═════ Data provided
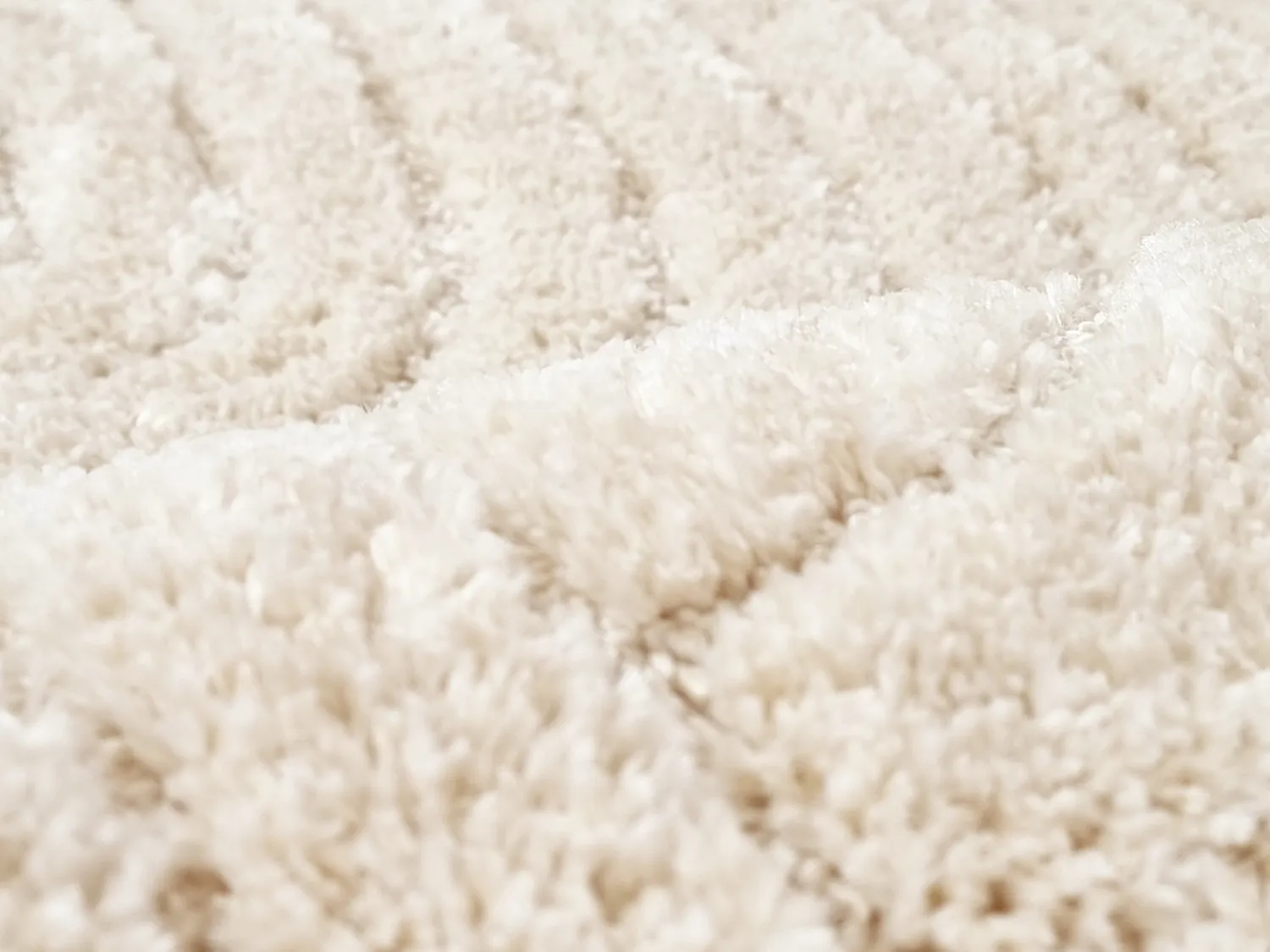 Runde tæpper - Wendy (offwhite)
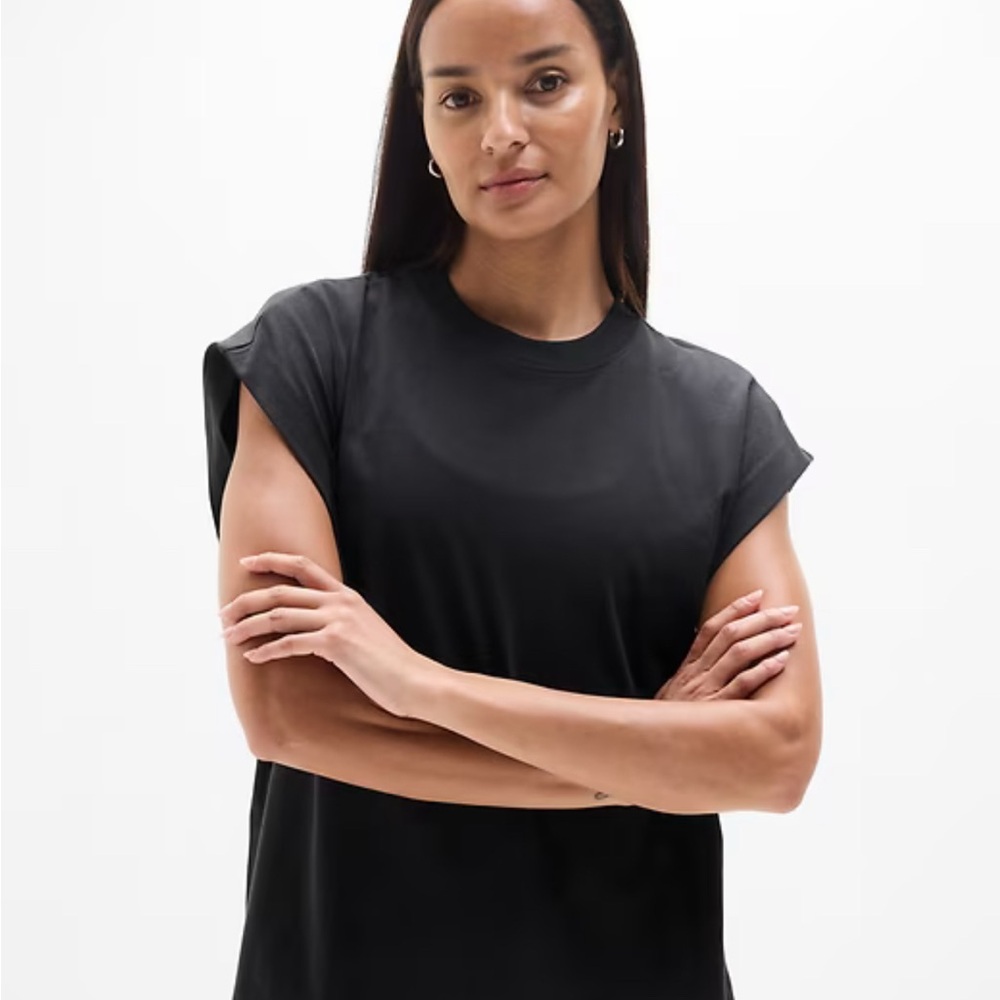 Classic Black Women's Top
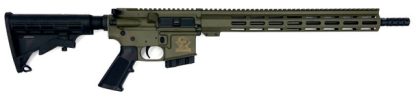 GLFA AR-15 350LEG 16 ODG 5RD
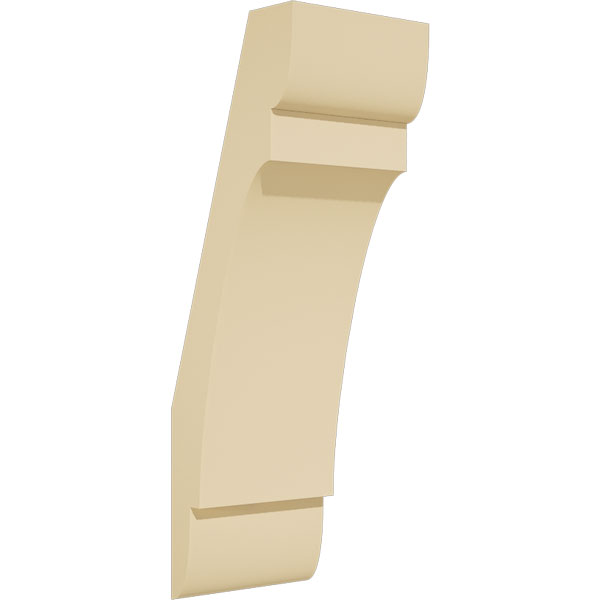 Ekena Millwork BRCS055X06X18OLY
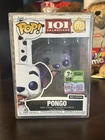 Funko Pop Vinyl Figure ECCC Exclusive Disney 101 Dalmatians Pongo #1723 1001 PCS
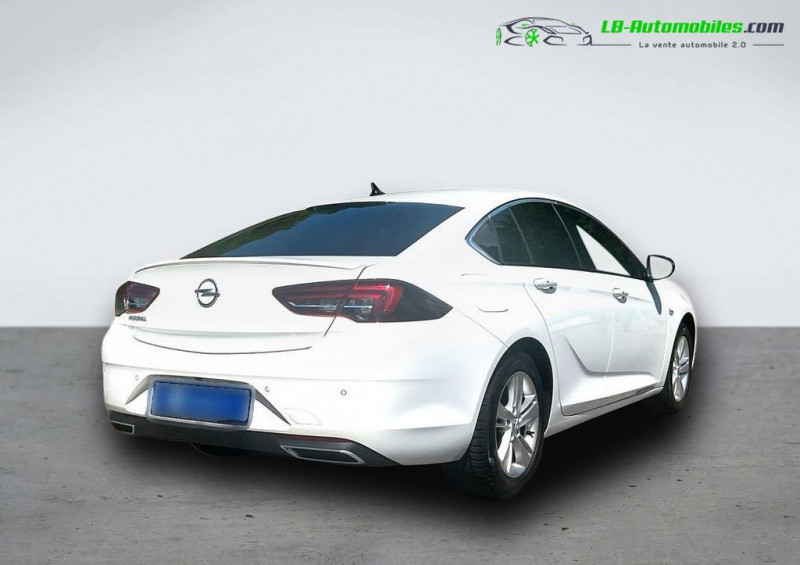Opel Insignia Grand Sport 2.0 Turbo 170 ch BVA  occasion  Beaupuy - photo n3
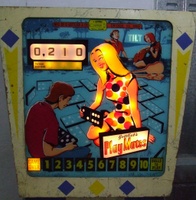 Image # 39623: PlayMates Illuminated Backglass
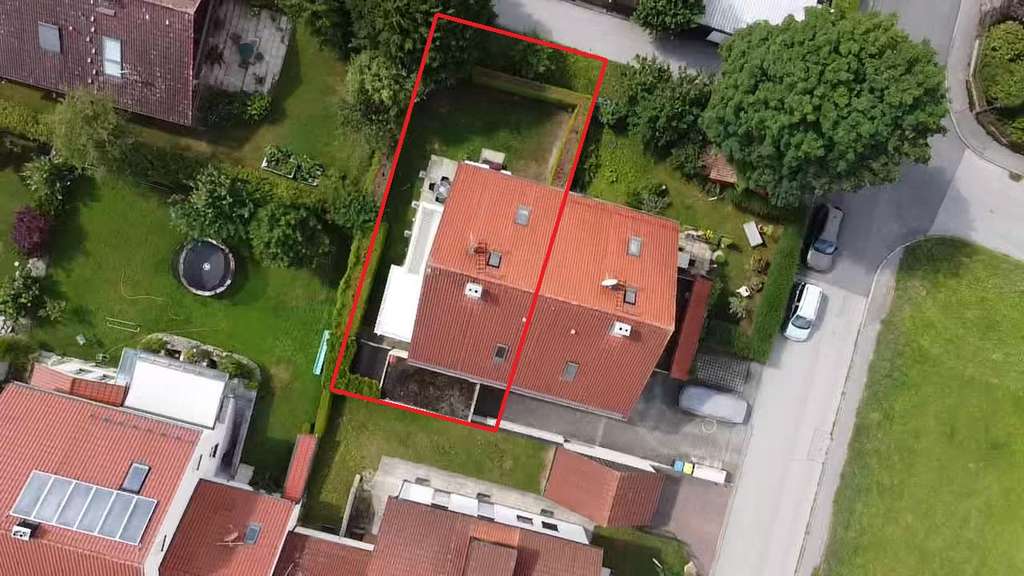 Immobilie in Schwabhausen - Charmante Doppelhaushälfte mit Garten in Schwabhausen - Bild 2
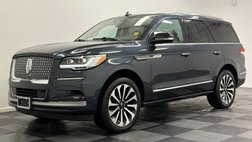 2022 Lincoln Navigator Reserve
══════════
**Task:** Please repeat exactly the lines from the one containing "Image # 39623: PlayMates" through the end of the entries, both included, omitting pictures.

**Written solution:**
 Image # 39623: PlayMates Illuminated Backglass
 Immobilie in Schwabhausen - Charmante Doppelhaushälfte mit Garten in Schwabhausen - Bild 2
 2022 Lincoln Navigator Reserve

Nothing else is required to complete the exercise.